The Minister may say that the FSA can do it, so why should we put it in the Bill? I have a simple answer to that. The decision to increase the limit is as much political as technical, as the events of the past 18 months have shown. A political decision should be made by the Government and put to Parliament for approval. It was wrong that Parliament was completely on the sidelines in that debate and that the Government were not in the driving seat, if I may mix my metaphors. Although the FSA can currently do it, that is the wrong location for the power, as recent history has shown.

The second and important element of my amendment relates to deposits being calculated on a bank brand basis. At present, the Financial Services Compensation Scheme relates only to legal entities, so if a depositor holds a deposit in more than one bank in a group, his compensation limit is restricted to the one limit of £50,000. A depositor who investigates the legal ownership of banks can work out that he needs to spread his money around to avoid legal groupings, but many investors are not that sophisticated. Recent events, such as Lloyds TSB and HBOS, Bradford & Bingley and Abbey/Santander have restricted the number of legal groups, although not the number of brands.

Consumer groups, led by Citizens Advice and Which?, are firm in their view that the scheme should operate on a brand basis. I hope that the Minister can agree. I should say that my amendment would probably need further refinement to be clear what is meant by a “bank brand”, so for the purposes of today's debate my amendment is probing, but I hope that the Minister will respond positively so that we can at least deal with this aspect when we come back on Report.
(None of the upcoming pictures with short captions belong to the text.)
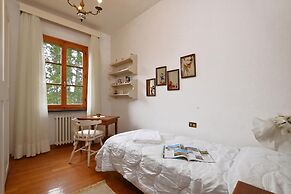 Villa Cerbaie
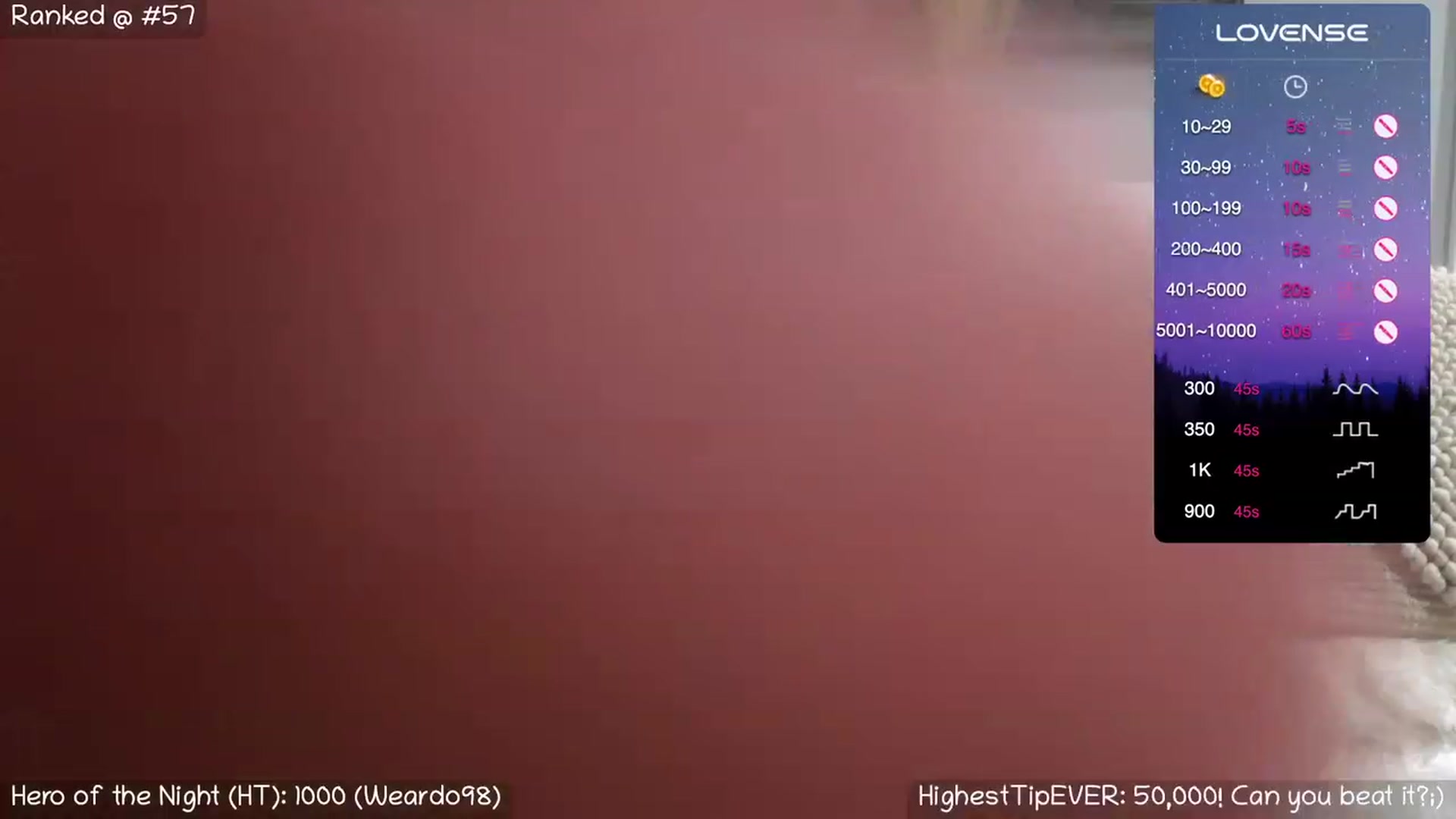 Gallery image thumbnail from NaturallyReal's myfreecams stream on, 01/23/2024, 05:35 image 19 of 20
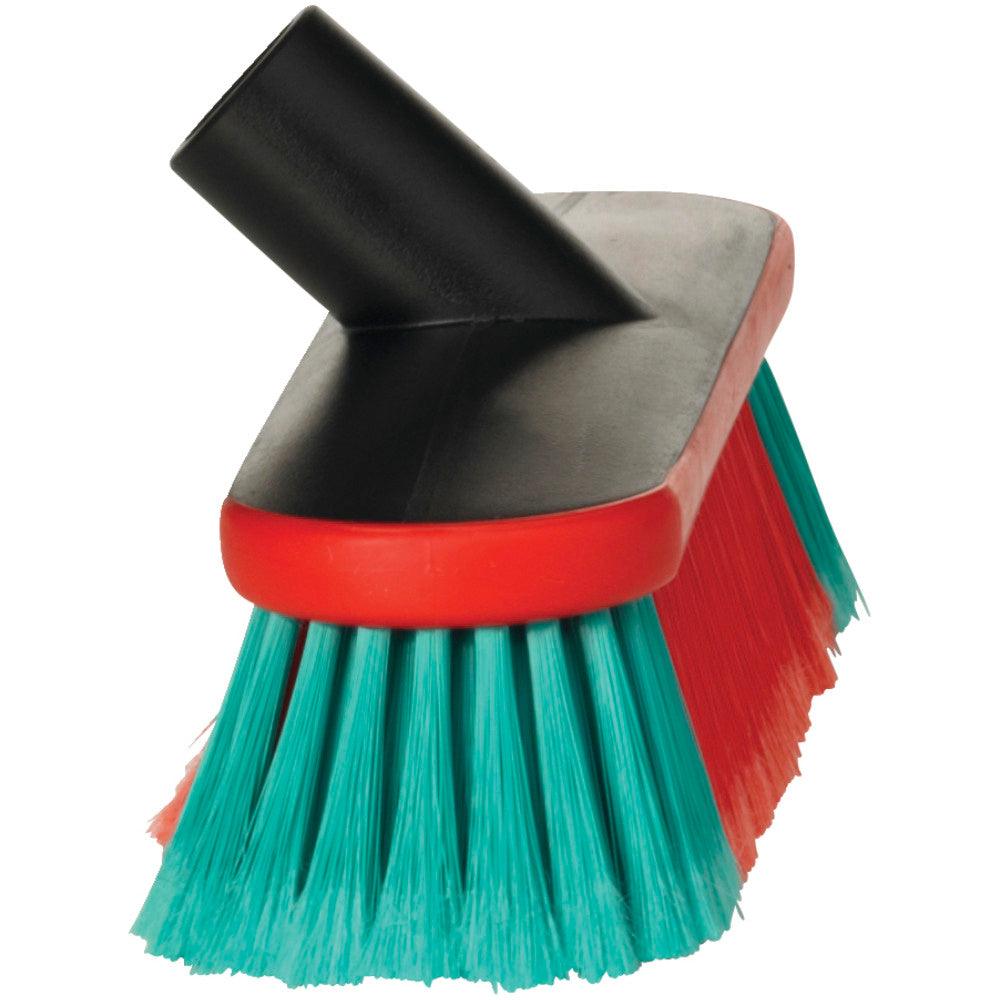 Vikan | Vikan Vehicle Wash Brush | Waterfed | 260 MM | GS475552 | ECA Cleaning Ltd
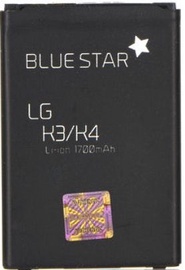 BlueStar Battery LG K3 K100/K4 K130 1700mAh
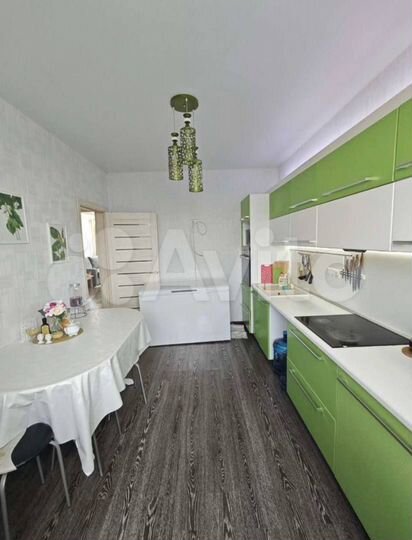 Таунхаус 134 м² на участке 4 сот.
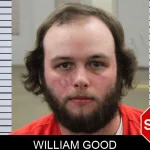 William Good Mugshots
I beg to move.

Lord Newby: I am grateful to the noble Baroness for tabling the amendment because it covers in part issues that we proposed to raise in debate on Clause 171 stand part. There was a question about where to put our focus in dealing with the compensation scheme. We should perhaps have grouped our amendment with this one.

I agree with several aspects of the amendment. First, I absolutely agree with the noble Baroness that this should be a matter not for the FSA but for Parliament. The FSA was dilatory beyond measure in increasing the limit to £50,000. It seemed that the Treasury either could not or would not exercise much influence on it to do that. We also agree with the principle that the £50,000 should apply to a brand. Given that there is such a concentration of ownership now and so many brands, I wonder how many people realise exactly which brand is owned by which bank.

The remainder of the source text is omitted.